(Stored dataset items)
<<<<
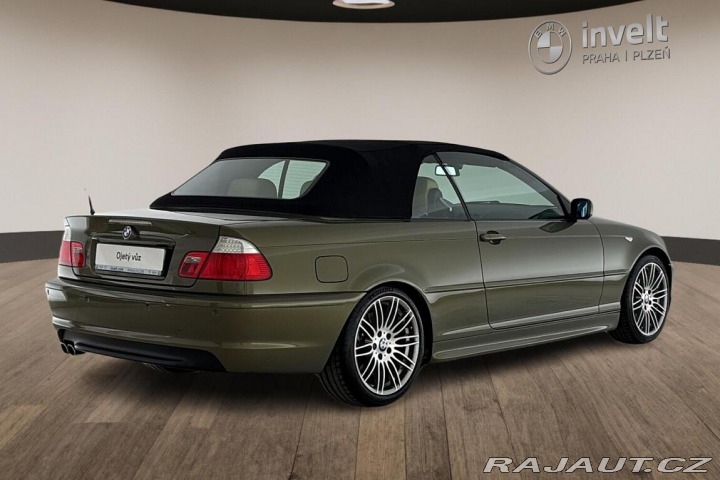 BMW 3 330Ci 2004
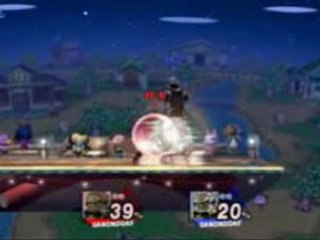 Swoops (Ghettodorf) vs Koskinator (Grandpadorf) 4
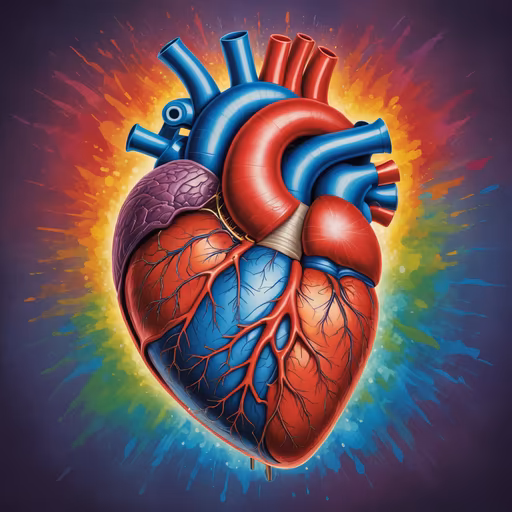 Heartbeat of Color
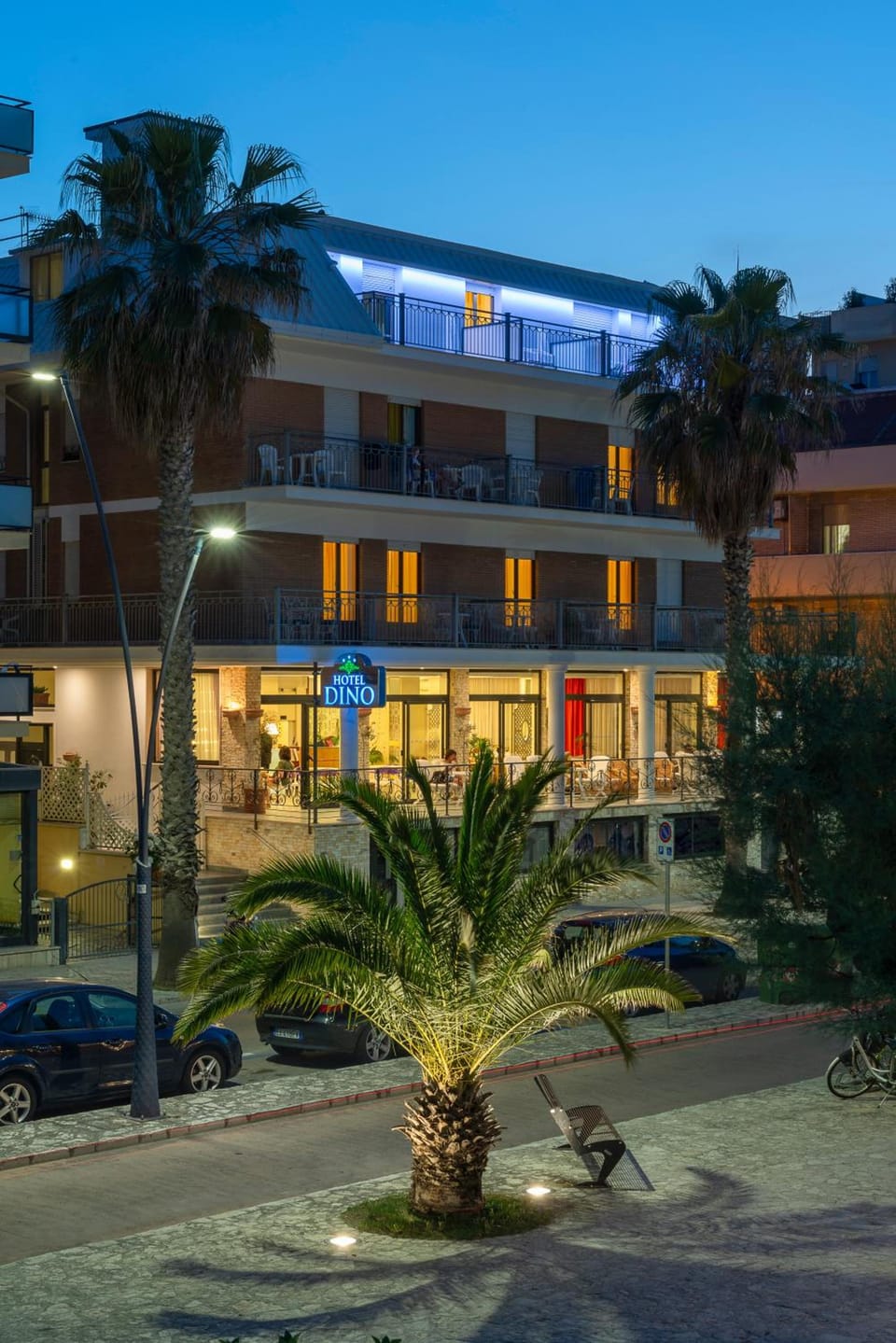 Hotel Dino Hotel in San Benedetto del Tronto
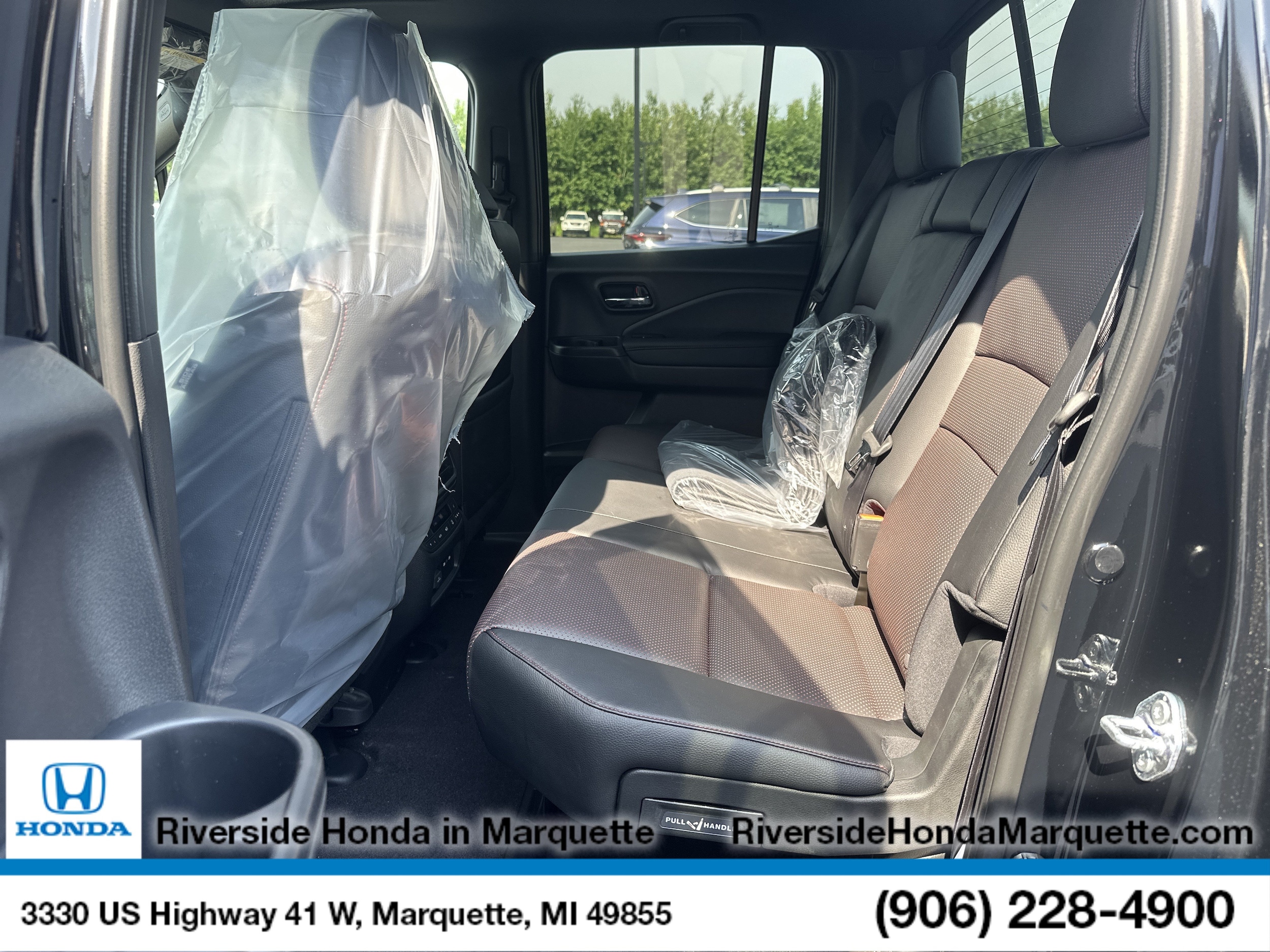 2026 Honda Ridgeline TrailSport - Photo 25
>>>>
**Exercise objective:**
Start at the top line above and repeat the records verbatim, leaving images out.

**Completed exercise:**
 BMW 3 330Ci 2004
 Swoops (Ghettodorf) vs Koskinator (Grandpadorf) 4
 Heartbeat of Color
 Hotel Dino Hotel in San Benedetto del Tronto
 2026 Honda Ridgeline TrailSport - Photo 25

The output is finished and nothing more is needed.